2007-12-15 14:18:01 · 18 answers · asked by Anonymous in Pregnancy & Parenting Parenting

18 answers

some people have no understanding about grief ,it affects us all differently ,you cannot hide a broken heart , when you say you've been told to "snap out of it " , that is heartless , why should you ? you need time to grieve do what you can , and if you are finding it hard be honest about it ,we are only human afterall not a machine with an on/off button !!!

2007-12-19 11:53:16 · answer #1 · answered by ♥BEX♥ 7 · 3 0

greive doesnt have a schedule. and people cope in their own way. some may completely break down immediately, for others it can take two wks, especially if they've had a hand in the funeral. it very much down to the individual. grieve does have stages, but people move through them at their own pace and will find their own coping methods, for some, trying to carry on as normal helps them, it shows them that there is still life out their for them. but the one thing thats impossible, is to expect someone to "snap out of it". that just isnt gonna happen, it cant. grieve is deeper than that. so the best thing is only what the bereaved person can decide. if it lingers tho then a bereavment group can help. so if you dont feel you can look after children then you dont. but you may also find comfort in those around you.

2007-12-16 11:34:16 · answer #2 · answered by Anonymous · 2 0

I'm assuming that this is just your form of venting because there doesn't seem to be a real question here... I would say to anyone that tells you to snap out of it, that you will handle your loss in your own way and would appreciate their understanding and if and when you want their advice you will ask for it. Everyone handles grief differently and I'm sure these people are well meaning, and don't want you to just stop your life and dwell on it, but that is not up to them to tell you how you should deal with things unless they are asked.

2007-12-16 21:33:37 · answer #3 · answered by Mel J 3 · 2 0

You should do what you want to do. Everyone deals with grief differently. Don't do anything because someone else wants you too. I lost my brother too almost three years ago (car accident) and it is really hard. You can't just snap out of it. I hate how people who have never experienced a loss think it is so easy to just "get over it". People at my mother's job were being assholes and saying she was using the death to get out of work.

2007-12-15 22:27:35 · answer #4 · answered by Anonymous · 2 0

It always amazes me when people suggest that someone can "snap out of their grief" like they can control their emotions.Dealing with death is a real roller coaster of emotions and you will have good days and bad.Do what you feel you are up to.You do not need to validate your emotions to anyone.We all realize how much you love your grandsons and only you will know when you feel up to caring for them.At this time you must take care of your own health.Take care.

2007-12-15 23:54:39 · answer #5 · answered by gussie 7 · 2 1

Do whats right for you Joan, as for your daughter in law, it's not just her expecting you to do it, it's your son as well!

If you don't feel up to looking after the kids just now, then take a break, it's not like you haven't already done your fair share, if not more, remember though Joan life is for the living, no matter how hard that may be!

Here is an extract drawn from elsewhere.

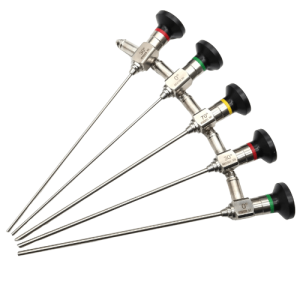Agro Enviro Tests Thermal Endoscope Imagers And Industrial Endoscope Flexible Video Laryngoscope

2007-12-16 21:26:25 · answer #6 · answered by Anonymous · 3 0

i lost my brother in a car accident when he was 18. it will be 4 years January 16 you do what you got to do. i was 7 months pregnant at the time. i felt like i wanted to die myself. i didn't think i would ever get over losing him but i did and you will too i promise you will. you'll never get "over" losing him you just learn how to cope and deal with it. i think that being around your grand-kids would help. he probably wouldn't want you being so miserable either that's what my dad said to me. i hope you get through this ruff time soon

2007-12-15 22:31:05 · answer #7 · answered by Anonymous · 3 0

There is no wrong or right way to deal with grief. It is best that you go about your days as normal as you can (life does go on) but that does not mean you are not grieving in the process.

2007-12-15 22:26:50 · answer #8 · answered by the_little_one_said 3 · 4 0

I believe it is good to carry on with your activities dear Heart. This is a good way to keep your mind balanced and also a positive way to grieve your loss by doing something you love to do and also something your brother would agree about.

2007-12-15 22:30:09 · answer #9 · answered by montralia 5 · 1 1

It's up to the person who experienced that loss. Everyone deals with loss and grieving differently, there is no wrong way to do it, assuming that the method is not self- or otherwise-destructive.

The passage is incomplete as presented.